**Material provided**
━━━━━━━━━━━━━━━━━━━━
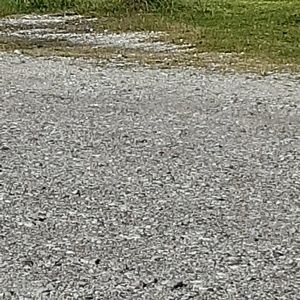 Meet your Posher, Felisha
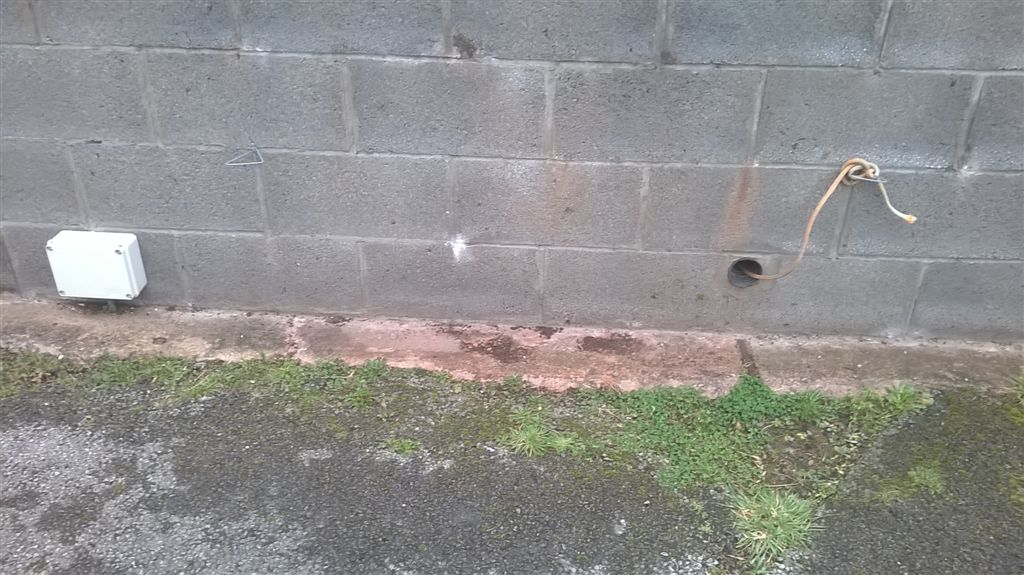 WP_20190301_08_55_13_Pro.jpg
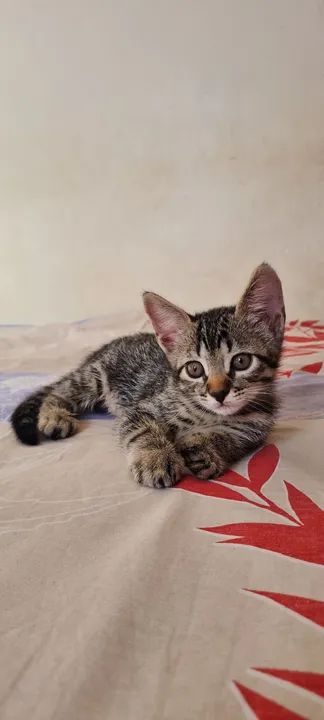 Mãezinha e filhotinhas fêmeas  - Foto 5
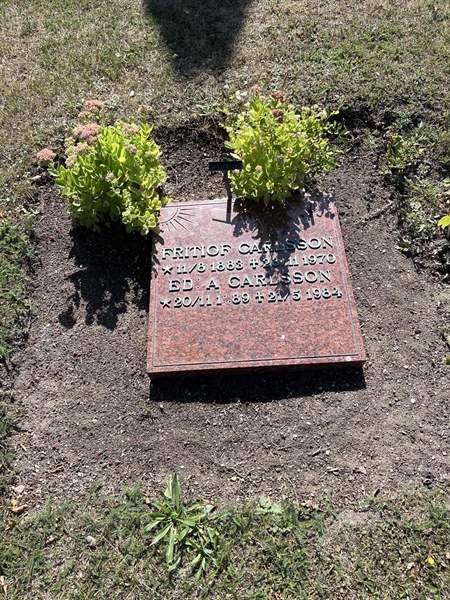 Grave number: NK X:u    63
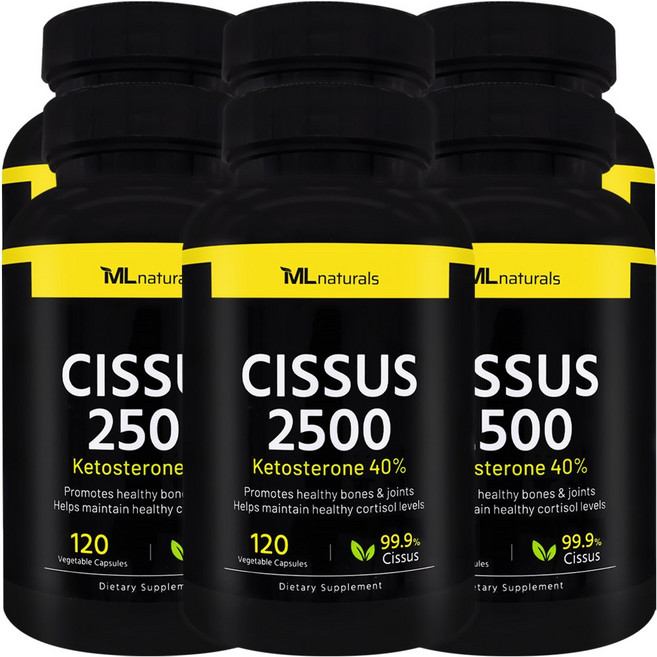 마이라이프 내추럴스 시서스 2500mg, 6개, 120정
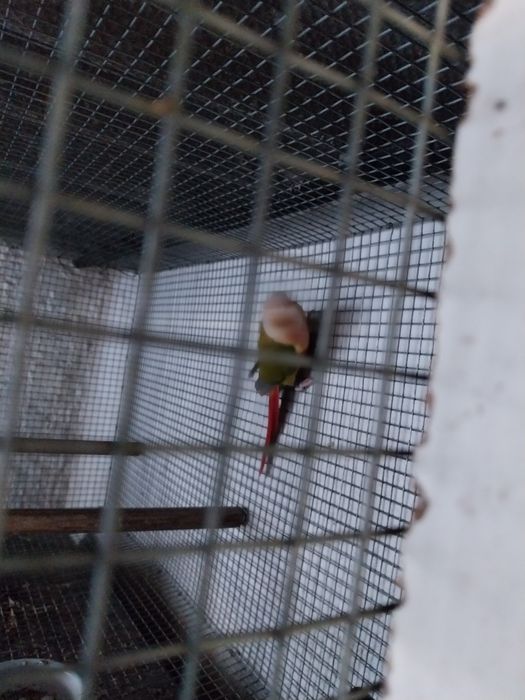 Cedesse duas pyurras macho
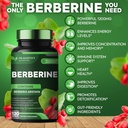 potent-1200mg-berberine-supplement-120-c-3.jpg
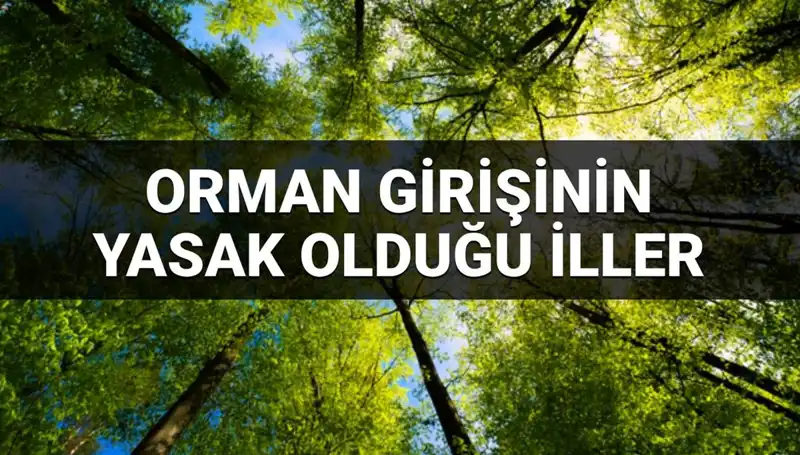 2025'te Hangi İllerde Ormana Girmek Yasak? İşte O Şehirler!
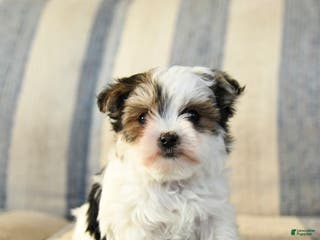Morkie dogs Freddie - Ad 20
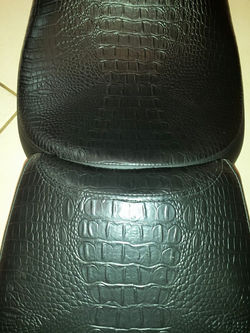 11129247_10155443141405494_138348090906531155_n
━━━━━━━━━━━━━━━━━━━━
**Instructions to follow**
Every line from the one containing "마이라이프 내추럴스 시서스 2500mg, 6개, 120정" through the end of the listing is to be copied exactly; the pictures are not.

**Written solution**
 마이라이프 내추럴스 시서스 2500mg, 6개, 120정
 Cedesse duas pyurras macho
 potent-1200mg-berberine-supplement-120-c-3.jpg
 2025'te Hangi İllerde Ormana Girmek Yasak? İşte O Şehirler!
Morkie dogs Freddie - Ad 20
 11129247_10155443141405494_138348090906531155_n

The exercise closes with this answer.